• ACTIVITY: One range is to be output from the listing below, exactly as written: the line with "Natracare Ultra Extra" to the line with "2 st LED solcells", both kept.

• SUPPLIED MATERIAL:
· · · ·

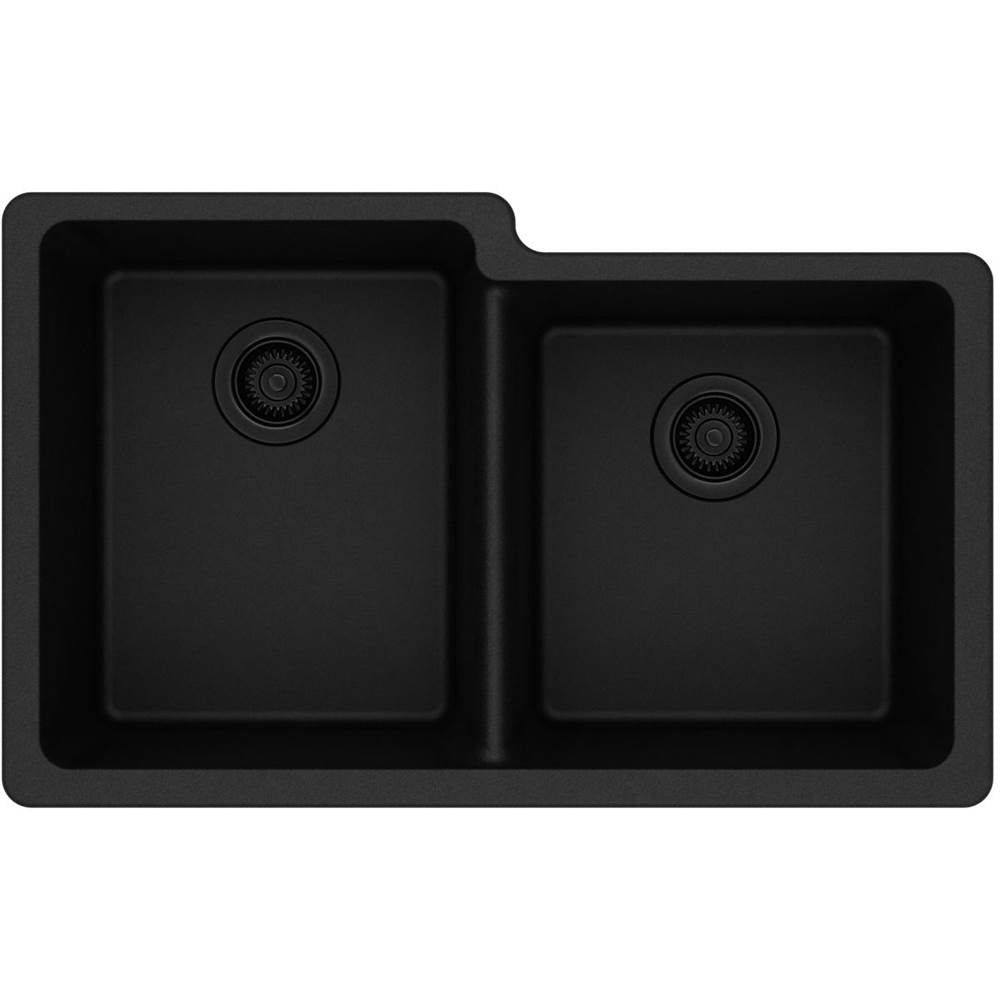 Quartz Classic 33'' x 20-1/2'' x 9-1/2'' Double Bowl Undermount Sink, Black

· · · ·

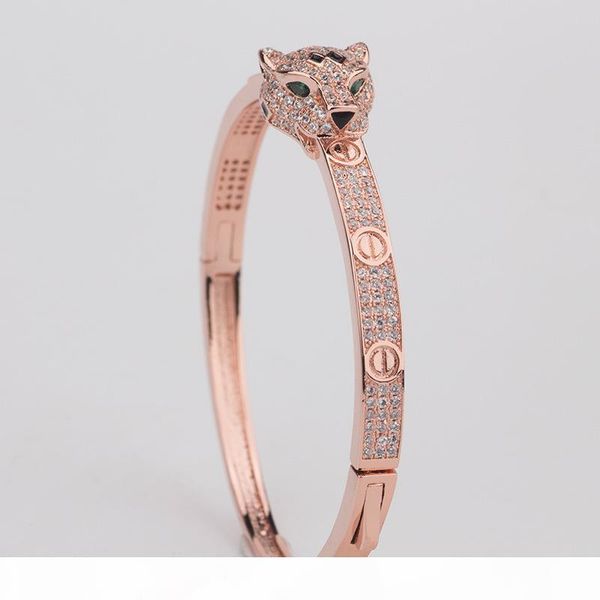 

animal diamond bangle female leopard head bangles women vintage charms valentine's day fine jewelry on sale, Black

· · · ·

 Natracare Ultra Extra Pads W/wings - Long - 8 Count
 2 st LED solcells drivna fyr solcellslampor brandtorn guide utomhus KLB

· · · ·

• RESULT:
 Natracare Ultra Extra Pads W/wings - Long - 8 Count
 2 st LED solcells drivna fyr solcellslampor brandtorn guide utomhus KLB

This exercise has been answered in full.